Saturday, June 13, 2020

PETER SARSTEDT - Where Do You Go To My Lovely 1971 (compilation)





How many songs do you know that are instantly recognisable by the opening guitar riff.
'Smoke on the Water', 'Sunshine of Your Love', 'Walk This Way', 'Whole Lotta Love, 'Layla' .. it goes on and on. Even the sax on 'Baker Street' puts the song straight into your head.

How about a laid-back French style accordion played in waltz time.
I bet you can only come up with one, but it's one that everybody knows.

Peter Sarstedt is often dropped into the one-hit-wonder pile. To be fair, he had two. 'Where do you go to ... ' was followed by, IMHO, a better song, 'Frozen Orange Juice', but unfortunately nothing else ever seemed to click for him. There were good songs out there .. 'Without Darkness', 'Step Into the Candlelight' .. and the quirky tongue-in-cheek slightly risque for it's time 'Take Off Your Clothes'. 

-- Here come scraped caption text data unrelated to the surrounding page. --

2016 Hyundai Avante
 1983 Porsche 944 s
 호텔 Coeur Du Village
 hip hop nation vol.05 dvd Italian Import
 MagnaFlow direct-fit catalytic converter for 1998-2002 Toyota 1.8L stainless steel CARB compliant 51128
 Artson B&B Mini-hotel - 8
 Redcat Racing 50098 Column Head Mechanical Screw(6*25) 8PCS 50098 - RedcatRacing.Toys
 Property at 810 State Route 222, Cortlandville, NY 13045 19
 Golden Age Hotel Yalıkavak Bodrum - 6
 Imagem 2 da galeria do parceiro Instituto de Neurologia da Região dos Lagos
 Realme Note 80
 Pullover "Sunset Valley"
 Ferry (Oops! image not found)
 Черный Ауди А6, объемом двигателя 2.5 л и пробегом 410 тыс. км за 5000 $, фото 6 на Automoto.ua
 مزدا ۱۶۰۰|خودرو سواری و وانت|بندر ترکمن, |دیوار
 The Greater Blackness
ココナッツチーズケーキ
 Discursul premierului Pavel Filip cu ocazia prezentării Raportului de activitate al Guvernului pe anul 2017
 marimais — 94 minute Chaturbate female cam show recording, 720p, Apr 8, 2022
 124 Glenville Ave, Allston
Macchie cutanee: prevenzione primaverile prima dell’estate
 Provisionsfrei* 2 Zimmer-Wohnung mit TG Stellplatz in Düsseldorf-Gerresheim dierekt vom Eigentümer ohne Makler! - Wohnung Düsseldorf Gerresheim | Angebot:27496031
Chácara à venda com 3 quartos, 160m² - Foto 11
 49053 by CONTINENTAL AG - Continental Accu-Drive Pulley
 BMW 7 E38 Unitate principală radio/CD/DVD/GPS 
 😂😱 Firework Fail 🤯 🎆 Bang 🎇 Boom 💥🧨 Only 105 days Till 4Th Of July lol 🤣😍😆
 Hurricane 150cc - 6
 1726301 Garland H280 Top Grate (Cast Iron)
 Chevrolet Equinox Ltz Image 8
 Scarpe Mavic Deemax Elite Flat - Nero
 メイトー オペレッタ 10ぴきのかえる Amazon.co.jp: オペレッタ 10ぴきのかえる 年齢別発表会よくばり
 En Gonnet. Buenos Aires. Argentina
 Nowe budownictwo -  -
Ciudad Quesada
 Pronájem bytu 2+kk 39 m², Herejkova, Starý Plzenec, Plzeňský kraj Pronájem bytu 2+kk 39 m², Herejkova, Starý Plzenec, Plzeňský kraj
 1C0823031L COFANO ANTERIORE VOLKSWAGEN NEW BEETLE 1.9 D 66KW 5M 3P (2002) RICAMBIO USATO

Sometimes, you HAVE to get a 'Best of ..' or 'Greatest Hits ..' or '20 Golden Greats ..' or some form of compilation because other releases are unavailable or don't cover the good stuff. I do have his second album released in 1969, 'As Though It Were a Movie' but it really adds nothing to the compilation album I got later.

Like Cliff Richard and Englebert Humperdink, Peter was born in India and his ex-patriate family returned to Britain in 1954. Both his brothers also had recordings - younger brother Robin got to #3 with 'My Resistance is Low' in 1976 and older brother Richard had a number 1 hit in 1961 - 'Well I Ask You' - under his stage name, Eden Kane.

Peter Sarstedt never really 'made it' past those early years and basically spent his professional life on the nostalgia circuit. 

The amount of names, meanings and symbolism in 'Where Do You Go To My Lovely' has been talked about and analysed for over 50 years now. I'll leave you to check out the reams of stuff out there. In Peter's own words though his reason for writing it mentions one of his, and my, musical heroes ....
“I wanted to write a long, extended piece because I was working in folk clubs and universities, Al Stewart had something that was half an hour long and Bob Dylan’s 'Sad Eyed Lady of the Lowlands' took a whole side of an album." 

Peter left some pleasant if obscure album tracks, a couple of almost-known mainstream songs and a classic, love it or hate it hit that lives on and on and on.